- Reign: 1089-1092
- Predecessor: Amaury II de Montfort
- Successor: Simon II de Montfort
- Noble family: House of Montfort
- Father: Simon I de Montfort
- Mother: Agnès d'Évreux

= Richard of Montfort =

French noble

Richard of Montfort or Richard de Montfort (c. 1065–1091) was a French nobleman from the House of Montfort who briefly ruled as lord of Montfort (1089–1091) in Normandy. He took the part of Count William of Évreux during his private war with Raoul II, lord of Conches. As Richard had no children at the time of his death, the lordship passed to his brother Simon II.

==Life==
Richard was born c. 1065 at Montfort in Île-de-France, France. He was a son of Simon I (c. 1025–1087), lord of Montfort, and Agnes of Évreux (c. 1030), daughter of Richard, count of Évreux.

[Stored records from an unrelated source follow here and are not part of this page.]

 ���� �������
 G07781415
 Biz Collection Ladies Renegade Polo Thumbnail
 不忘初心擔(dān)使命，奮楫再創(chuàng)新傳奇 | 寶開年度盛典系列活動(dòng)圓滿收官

Upon the death of his father in 1087 and his half-brother Amaury II in 1089, he succeeded them as the lord of Montfort-l'Amaury. Richard's half-sister Isabel had married Raoul II of Tosny, lord of Conches, but feuded with Helvise of Nevers, wife of Raoul's half-brother William, count of Évreux. In this dispute, Richard took the side of William of Évreux and was killed while raiding St Pierre Abbey (Abbaye Saint-Pierre) in Conches in November 1091. He was buried at Épernon in what is now Eure-et-Loir. Dying childless, he left the lordship of Montfort to his brother Simon II.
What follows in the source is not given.